Tuesday, 23 April 2013
'One Moment, One Morning' by Sarah Rayner
It's been a good time for burying myself in work - and also for reading. Last week I piled up those TBRs - and flung myself into some comfort reading. With mixed results, I must say. David Sedaris' 'Naked' was a real treat to return to, twelve or some years after I first read it. On rereading it seemed so much more serious and sour than before. There's a gallows humour in everything that he does, of course, but on this revisit I was really struck by the sadness of the family stories especially. It looks like I might have to reread *all* of his books now, before getting to the new one...
It was warm enough on Saturday to sit in the Beach House to read, for longer than an hour. Strange being there, without Fester in his wickerwork chair, or hopping over to sit or lie on me as I read. But I'm just going to have to get used to that.
I tried to get into one of the books on my pile that's been waiting a hugely long time for my attention. A sequel to a fantasy novel I read twenty years ago. It was an eccentric, whimsical novel that I loved back then - but the sequel was leaving me cold. I did my fifty pages test - and stuck with it as long as I could take it. But I had to abandon the thing. It just wasn't dragging me along bodily into its world. Maybe that's not always mandatory - but it was, to me, this Saturday morning.
Saturday afternoon i had a nice reading experience. Jeremy was off rummaging in TK Maxx - and he dropped me in the high street in Cheadle, so i could potter about in charity shops and spy out vintage tat. And I picked up a book I had meant to read last year - and can't remember why I didn't. 'One Moment, One Morning' by Sarah Rayner fell into my hand and, next thing I knew, I was sitting at a tall table, on a stool, in the sunny front window of Cheadle's best little cafe - 'The Big Bite' (!) completely absorbed in this novel. (Having the best coffee of the week, too.)
It was one of those delicious reading experiences where you are just swallowed up by a book. The pace, the view-points, the differentiation between characters, the amount of detail, and the concentration of events is EXACTLY right for the quality of your attention and your mood at that moment. It has a first chapter about a sudden, shockingly unexpected death in the most mundane of situations - in a commuter train heading towards London. It's a book that hits the ground running beautifully - and before you know it - you are introduced to the three leading ladies and seem to know all about them, and you're stuck inside one of those nightmare days with them that seems like it will never end. This makes it seem horrible - but it's not. It's a book about the worst things that can happen to someone - but it's about how new friendships spring up, too. And about how we have to rely on each other when bad things happen.

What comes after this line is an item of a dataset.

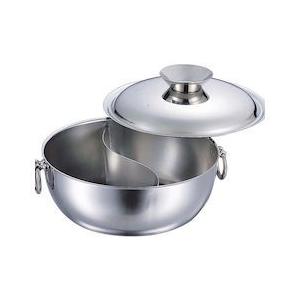 SW電磁用しゃぶしゃぶ鍋 仕切付 23cm（STハンドルツマミ）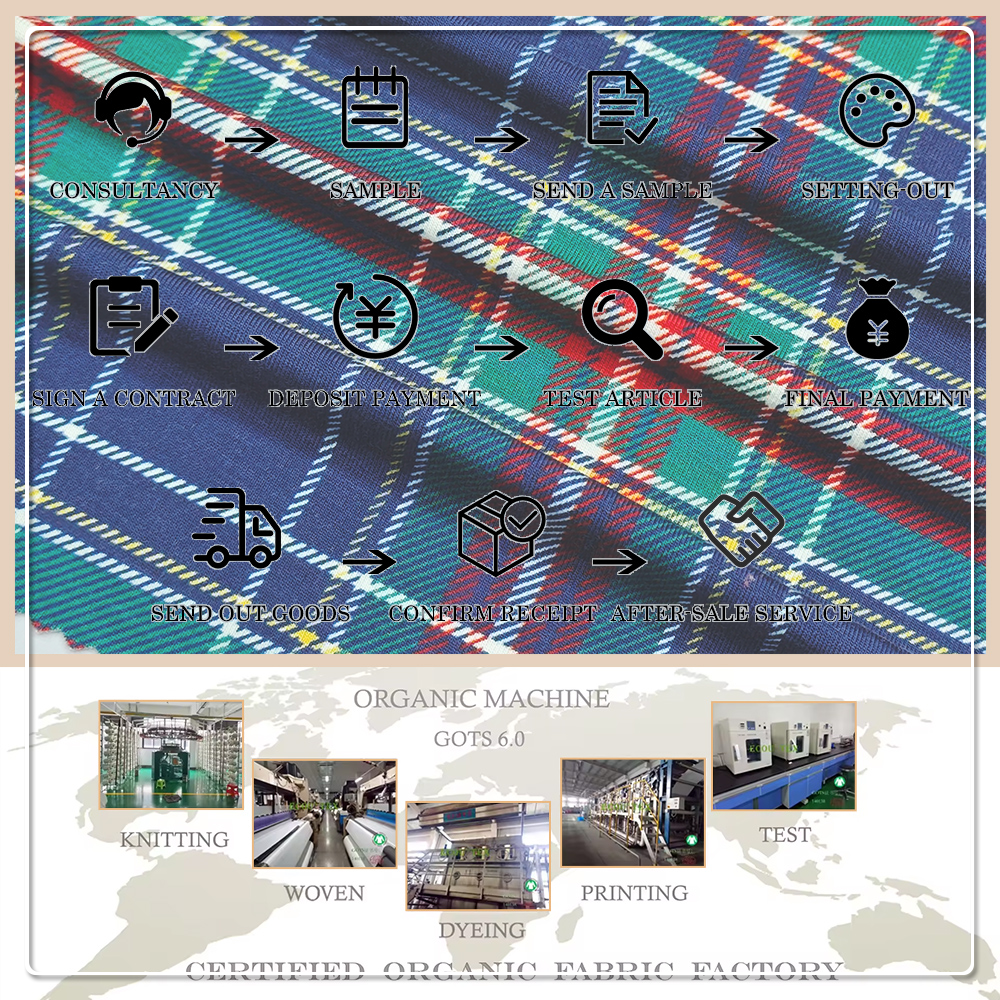 Klassisk tartan-tjekprintet bambus-spandex-jersey – 95 % bambus, 5 % spandex, 220 g/m² mediumvægt, 170 cm bredde, blødt, straktbart stof til skjorter, kjoler og daglig mode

So - I loved it. I spent three days in the world of Anna, Karen and Lou and their variously over-lapping lives. The whole thing is set during a week in their home town of Brighton, and I really feel like I've been there with them while I've been reading this.
I was about to say that it's a novel about grief... but it isn't that, not quite. It's a novel about shock and repercussions of a terrible, sudden event, and getting ready to deal with grief. And it's done in such a calm, consoling way. With, every now and then, explosions of intensity and lucid rage from all three lead characters. It felt like exactly the kind of novel I wanted to disappear into this weekend - a book about turning everyday tragedy into hope.